==== Source material ====

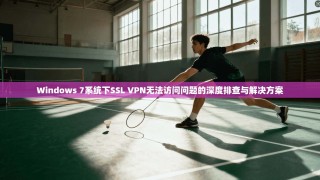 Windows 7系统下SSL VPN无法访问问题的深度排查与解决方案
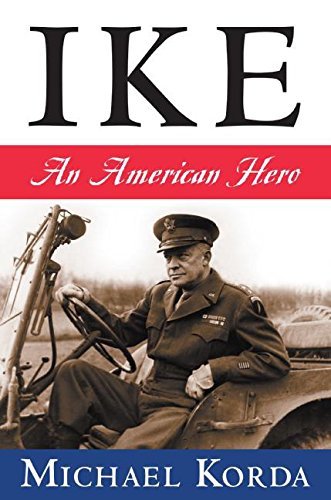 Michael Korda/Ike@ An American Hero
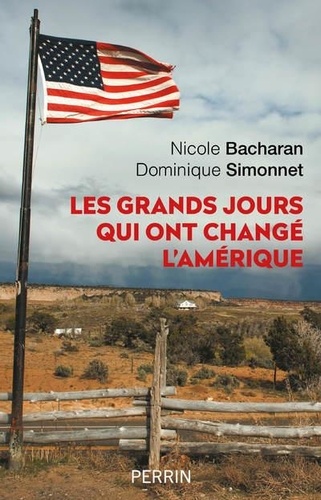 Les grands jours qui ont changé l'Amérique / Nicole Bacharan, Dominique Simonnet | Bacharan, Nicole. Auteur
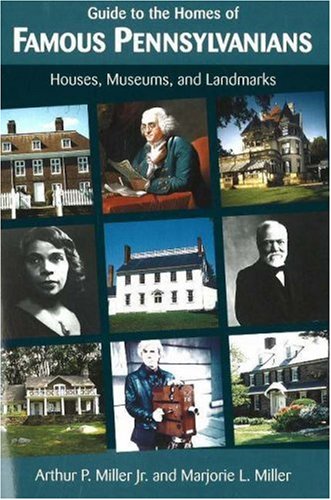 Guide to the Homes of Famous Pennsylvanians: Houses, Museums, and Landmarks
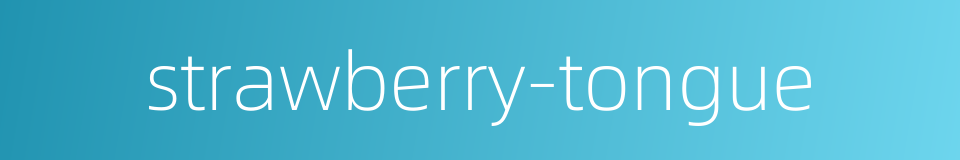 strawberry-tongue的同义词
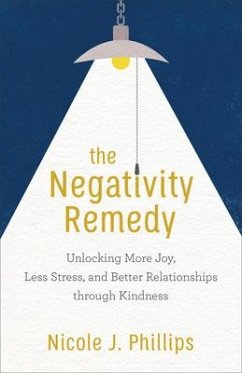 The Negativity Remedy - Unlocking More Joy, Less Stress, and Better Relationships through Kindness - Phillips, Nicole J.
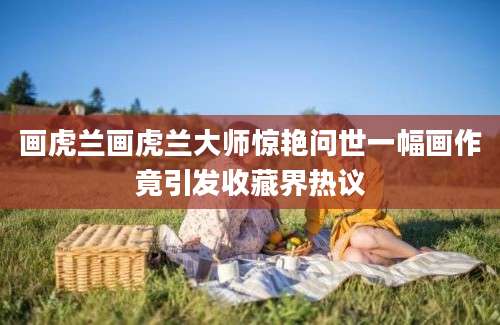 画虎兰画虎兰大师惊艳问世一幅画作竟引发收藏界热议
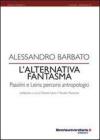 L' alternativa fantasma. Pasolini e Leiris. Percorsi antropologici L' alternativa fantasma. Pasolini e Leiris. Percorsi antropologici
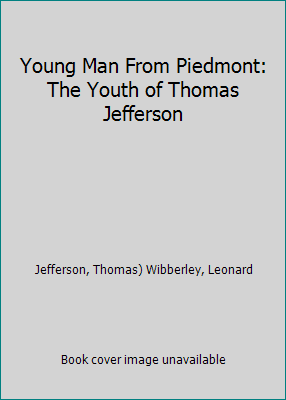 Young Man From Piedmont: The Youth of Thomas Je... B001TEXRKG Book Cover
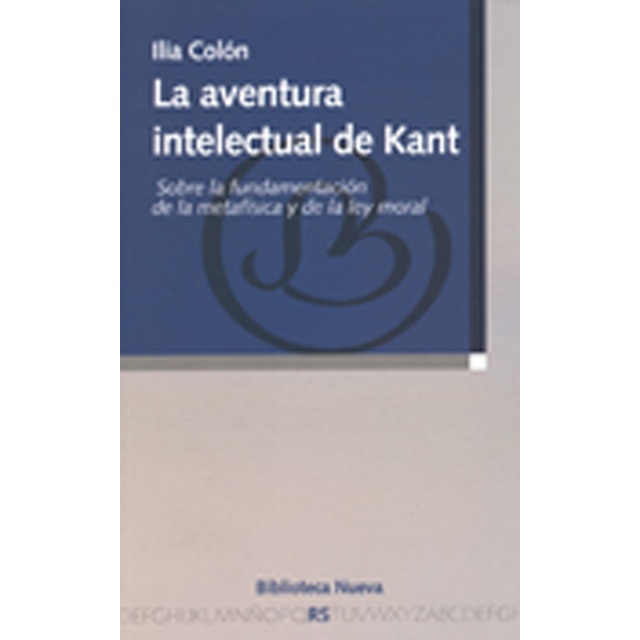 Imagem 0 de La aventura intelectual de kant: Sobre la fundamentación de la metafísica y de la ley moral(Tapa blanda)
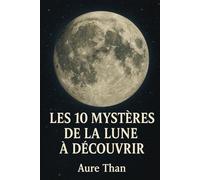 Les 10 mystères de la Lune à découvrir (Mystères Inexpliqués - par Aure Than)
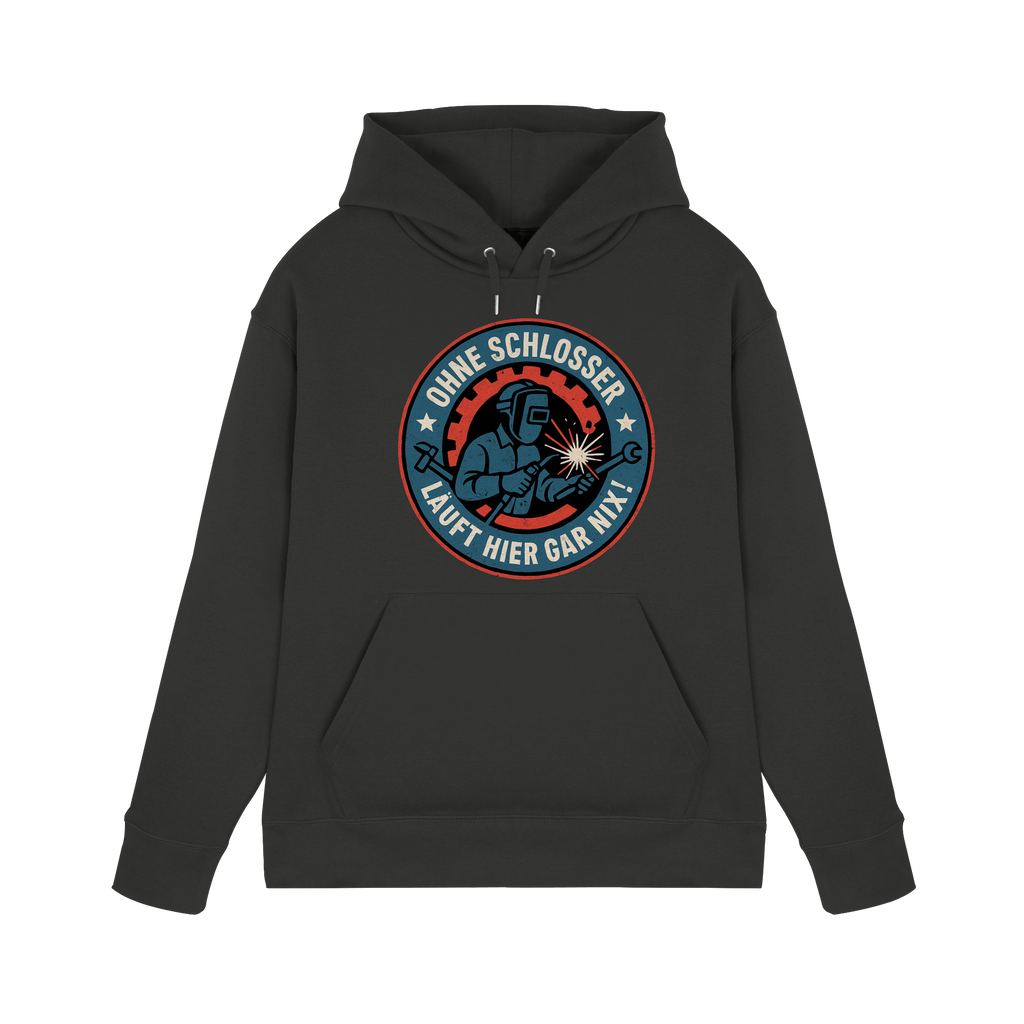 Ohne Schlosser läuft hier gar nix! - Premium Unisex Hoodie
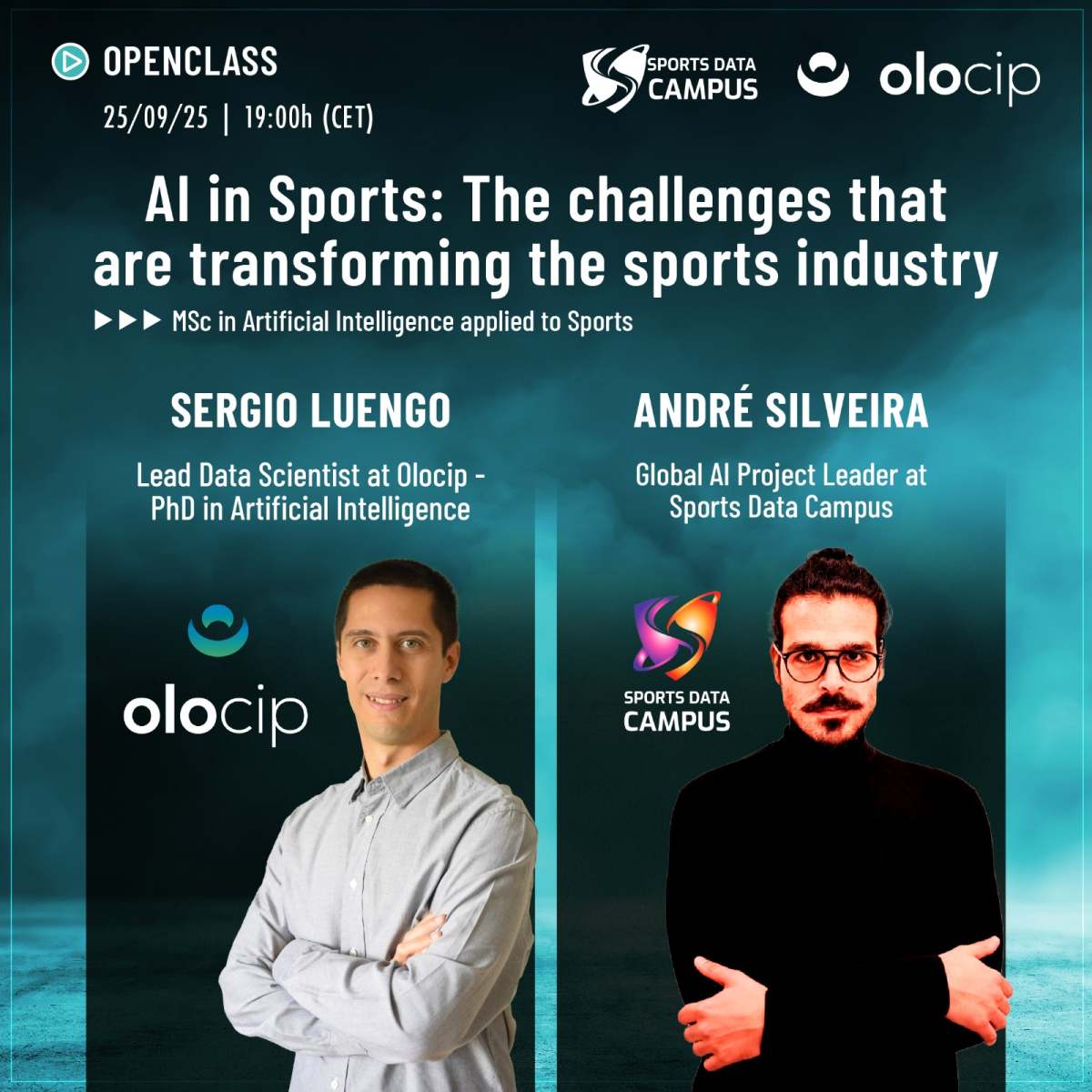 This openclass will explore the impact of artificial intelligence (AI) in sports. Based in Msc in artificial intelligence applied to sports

====

Every line from the line containing "Michael Korda/Ike@ An American Hero" through the last line above is to be printed exactly. Pictures are not copied.

• Solution
 Michael Korda/Ike@ An American Hero
 Les grands jours qui ont changé l'Amérique / Nicole Bacharan, Dominique Simonnet | Bacharan, Nicole. Auteur
 Guide to the Homes of Famous Pennsylvanians: Houses, Museums, and Landmarks
 strawberry-tongue的同义词
 The Negativity Remedy - Unlocking More Joy, Less Stress, and Better Relationships through Kindness - Phillips, Nicole J.
 画虎兰画虎兰大师惊艳问世一幅画作竟引发收藏界热议
 L' alternativa fantasma. Pasolini e Leiris. Percorsi antropologici L' alternativa fantasma. Pasolini e Leiris. Percorsi antropologici
 Young Man From Piedmont: The Youth of Thomas Je... B001TEXRKG Book Cover
 Imagem 0 de La aventura intelectual de kant: Sobre la fundamentación de la metafísica y de la ley moral(Tapa blanda)
 Les 10 mystères de la Lune à découvrir (Mystères Inexpliqués - par Aure Than)
 Ohne Schlosser läuft hier gar nix! - Premium Unisex Hoodie
 This openclass will explore the impact of artificial intelligence (AI) in sports. Based in Msc in artificial intelligence applied to sports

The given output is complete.